Here the variance component estimates for B and the Error are negatively correlated, and the elements for Var(a*b) are set to zero because the estimate equals zero. Also, the very large variance for Var(b) indicates a lot of uncertainty about the estimate for Var(b), and one contributing explanation is that B has only two levels in this data set.

Finally, the following statements use the restricted maximum likelihood (REML) for estimation.

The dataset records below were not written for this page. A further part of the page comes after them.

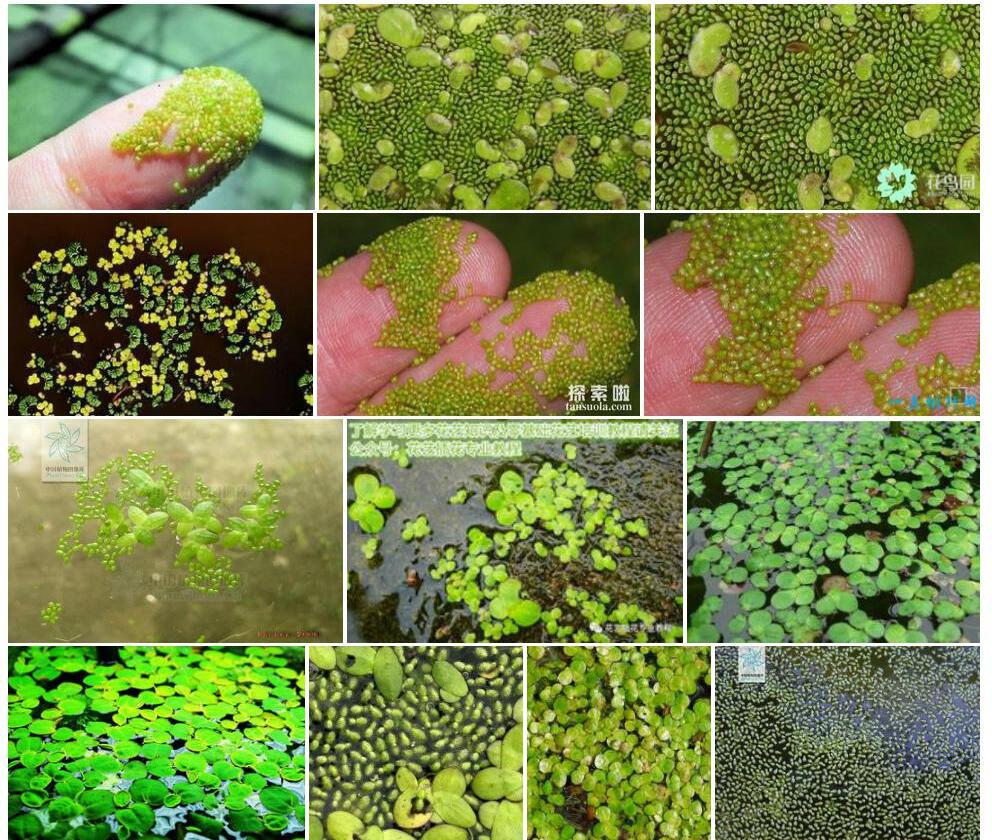 芜萍照片和图片/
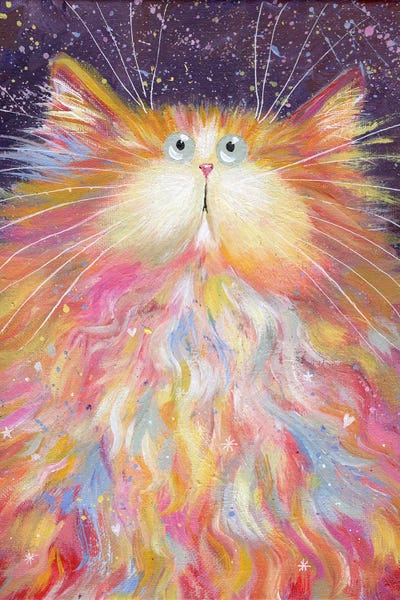 Orange Cats: Baloof by Kim Haskins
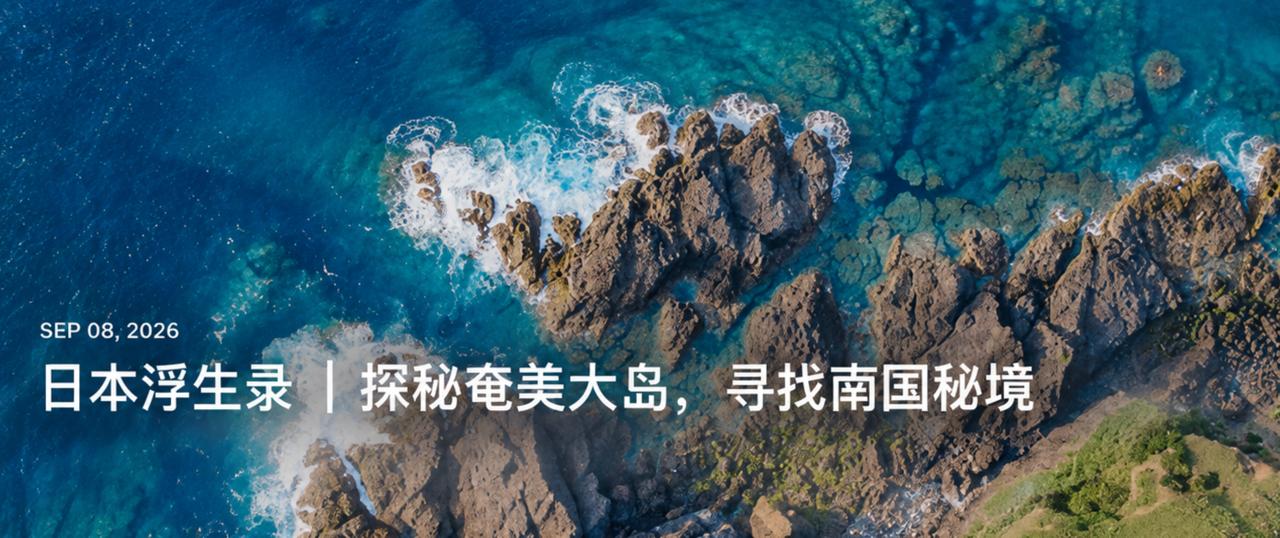 APPDO 数字生活指南 配图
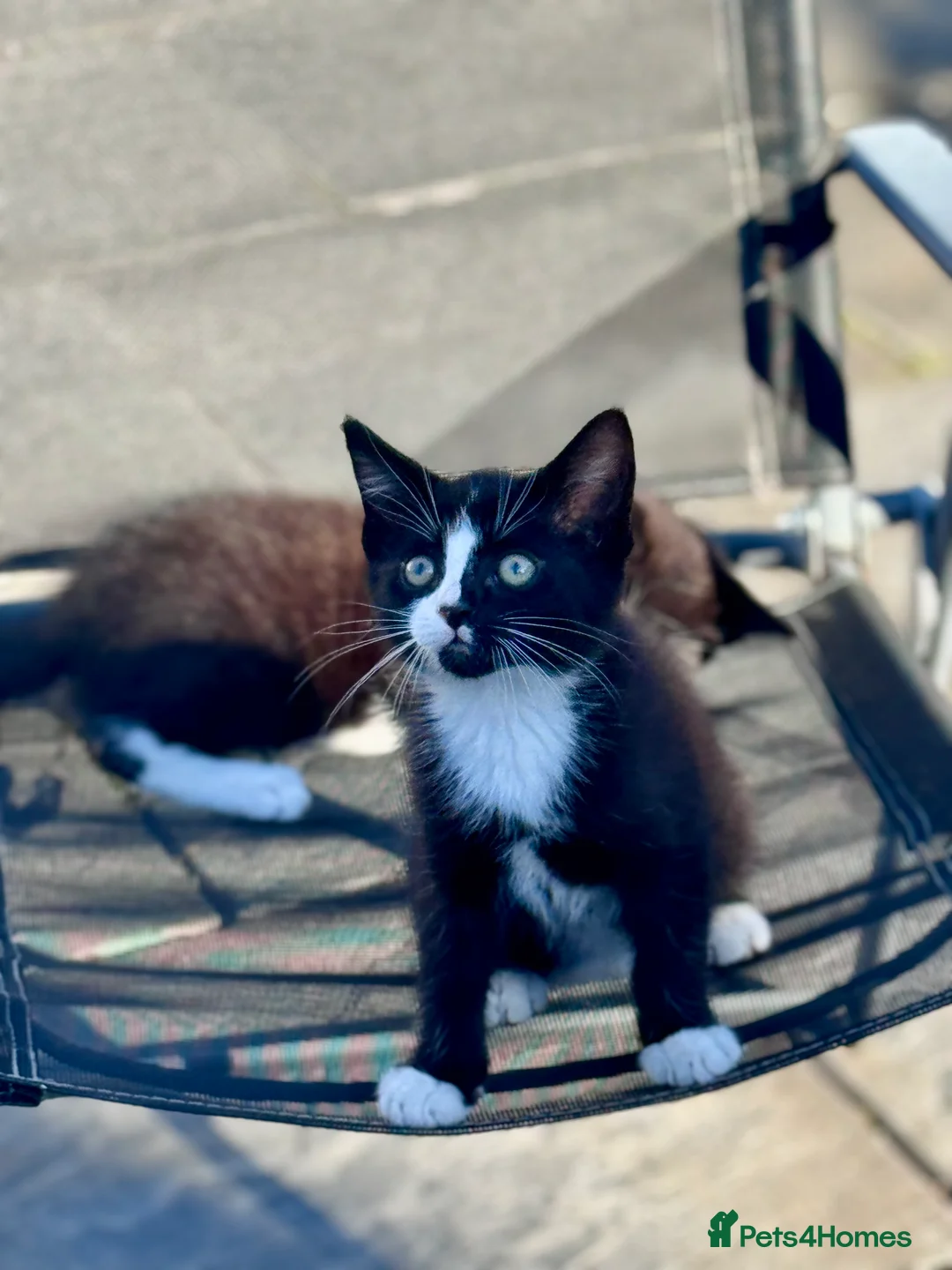 Mixed Breed cats for sale: 2 Adorable kittens for sale  - Advert 2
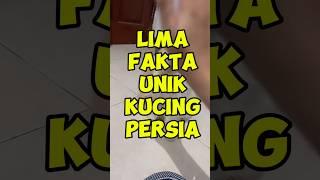 Cat Lovers Harus Tau‼️Fakta Unik Tentang Kucing Persia  #kucing #kucingpersia #kucinglucu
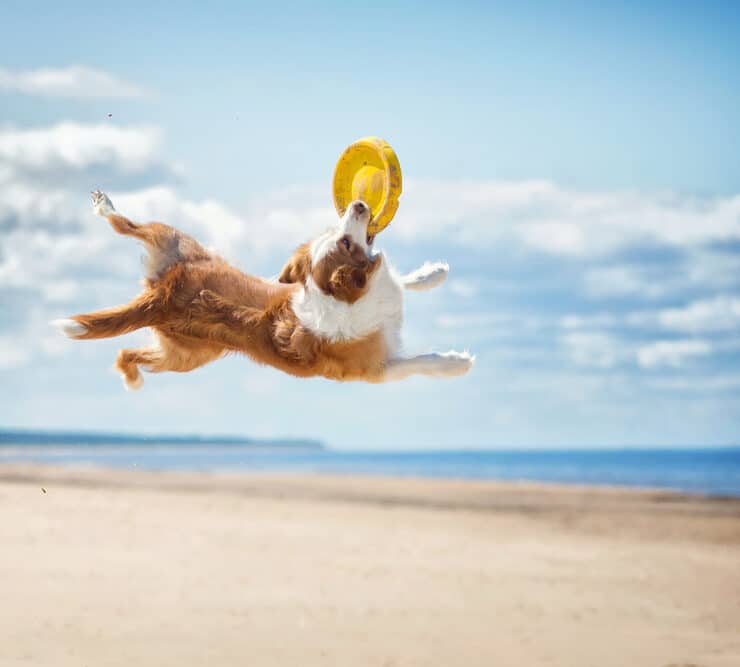 dog jumping to catch a frisbee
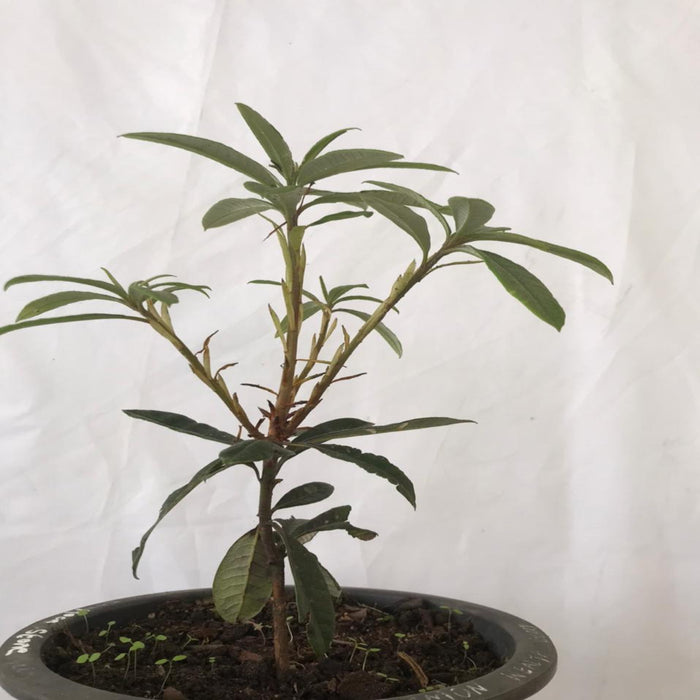Rhododendron Arboreum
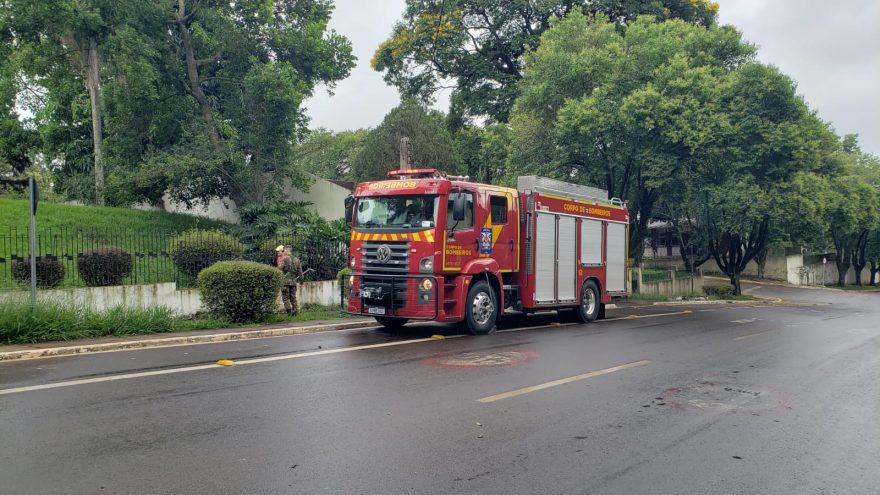 Corpo de Bombeiros é acionado para capturar cobra coral na Área Militar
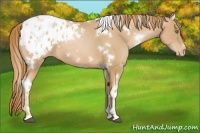 Horse Color:White Spotted Chestnut Pearl Sabino Appaloosa 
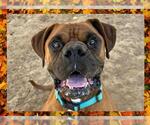 Small #2 Boxer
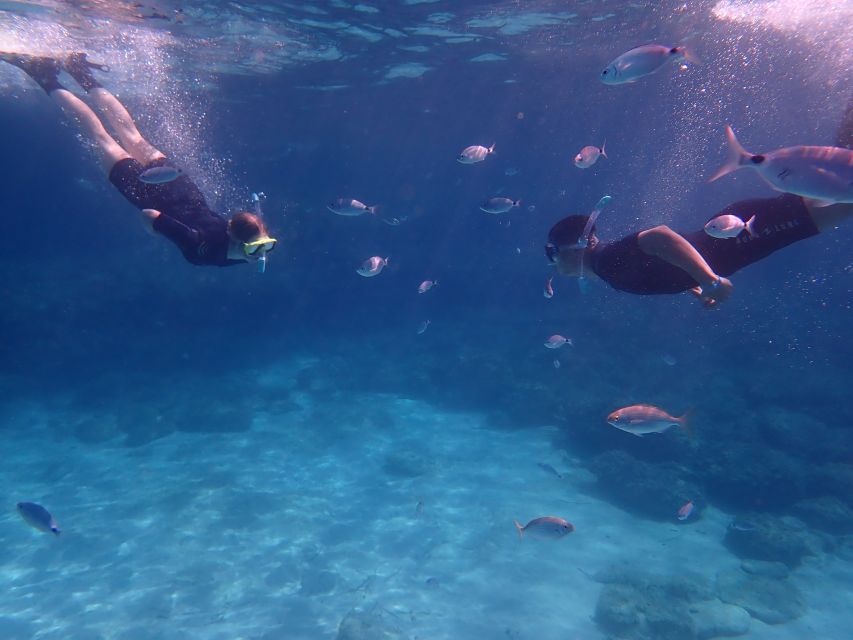 Mallorca: Snorkeling in a Beautiful Nature Reserve - Guides, children, and nervous beginners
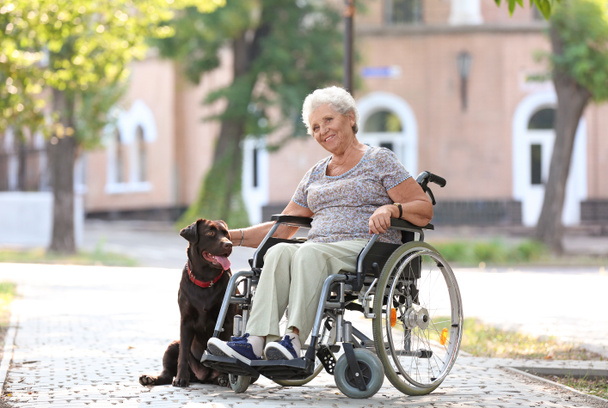 Tekerlekli sandalye ve köpeğini açık havada kadın kıdemli - Fotoğraf, Görsel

They produce Output 121.1.4.

proc varcomp method=reml data=a;
   class a b;
   model y=a|b / fixed=1;
run;

Output 121.1.4: VARCOMP Procedure: Method=REML

Variance Components Estimation Procedure

REML Iterations
Iteration	Objective	Var(b)	Var(a*b)	Var(Error)
0	63.4134144942	1269.52701	0	91.5581191305
1	63.0446869787	1601.84199	32.7632417174	76.9355562461
2	63.0311530508	1468.82932	27.2258186561	78.7548276319
3	63.0311265148	1464.33646	26.9564053003	78.8431476502
4	63.0311265127	1464.36727	26.9588525177	78.8423898761

Convergence criteria met.

REML Estimates
Variance Component	Estimate
Var(b)	1464.4
Var(a*b)	26.95885
Var(Error)	78.84239

Asymptotic Covariance Matrix of Estimates
	Var(b)	Var(a*b)	Var(Error)
Var(b)	4401703.8	1.29359	-273.39651
Var(a*b)	1.29359	3559.1	-502.85157
Var(Error)	-273.39651	-502.85157	1249.7

The "REML Iterations" table in Output 121.1.4 shows that the REML optimization requires four iterations to converge.

The REML estimates in Output 121.1.4 are all larger than the corresponding ML estimates (adjusting for potential downward bias) and are fairly similar to the Type I estimates.

The "Asymptotic Covariance Matrix of Estimates" table in Output 121.1.4 shows that the Error variance component estimate is negatively correlated with the other two variance component estimates, and the estimated variances are all larger than their ML counterparts.